Thousands of Sudanese nationals have applied for asylum in the UK in the last five years, with as many as 2,900 in 2015 alone.
The conflict in Darfur, western Sudan, erupted in 2003 when the government armed Arab militias to suppress an insurgency by non-Arab rebel groups complaining about political and economic marginalisation.
The government responded by carrying out genocide of the region’s non-Arab population, causing the deaths of hundreds of thousands of civilians.
The country’s former president, Omar al-Bashir, was indicted by the international criminal court for genocide, war crimes, and crimes against humanity.
There has been a deepening economic crisis in recent years, and humanitarian groups say excessive use of force and unlawful killings by Sudanese security forces against peaceful protesters continue.
Bashir was removed as president in April 2019 and a civilian-led transitional government is now in place. Sudan is in a period of transition towards elections in 2022.
The security situation in Darfur, however, remains volatile and unstable. Banditry and lawlessness are widespread, and there are frequent violent attacks against civilians by militias, which have led to the killing of many and displacement of thousands.
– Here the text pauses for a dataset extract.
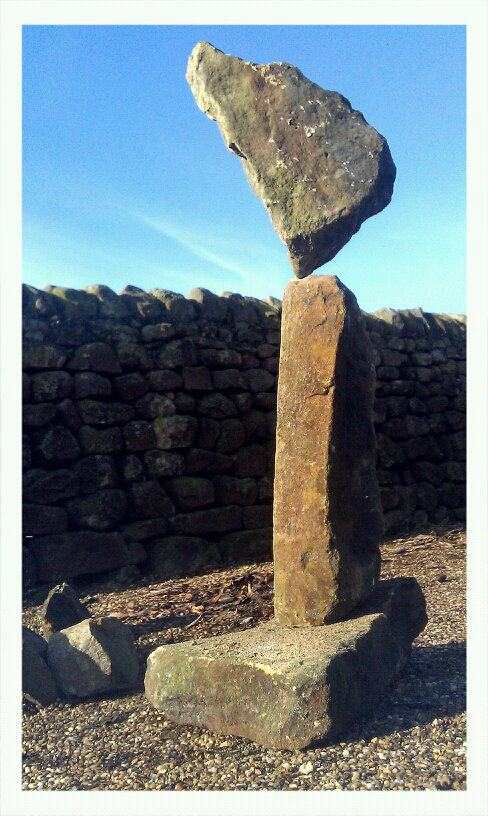 Stone balancing, 3 through stones from a drystone wall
Another Sudanese asylum seeker is understood to have died in the Mediterranean on Thursday.
One migrant, a 33-year-old Sudanese man, told of making a similar journey to Abdulfatah’s but of surviving the dangerous Channel crossing to reach the UK. He, along with two other asylum seekers from Chad, aged 35 and 39, bought a cheap, very small, inflatable dinghy costing €300 from a shop in Calais, thought to be similar to the one used by Abdulfatah and his friend.
The 33-year-old said he had only been in Calais for 10 days and had fled persecution in Darfur, spending time in Libya, trying to hide in the countryside there and working on a farm.
He said: “I tried to stay away from the cities in Libya as the militias catch people from Sudan and traffic them. It is not an easy life in Darfur. Too many of my family members were killed by the Janjaweed [militia]. And it is not an easy life in Libya.”
He said that conditions in Calais were bad and that he and others were constantly running from the police. “I know how lucky the three of us were to survive and not drown like Abdulfatah. We didn’t understand anything about how to cross the sea but we just looked for the lights of Dover to guide us.”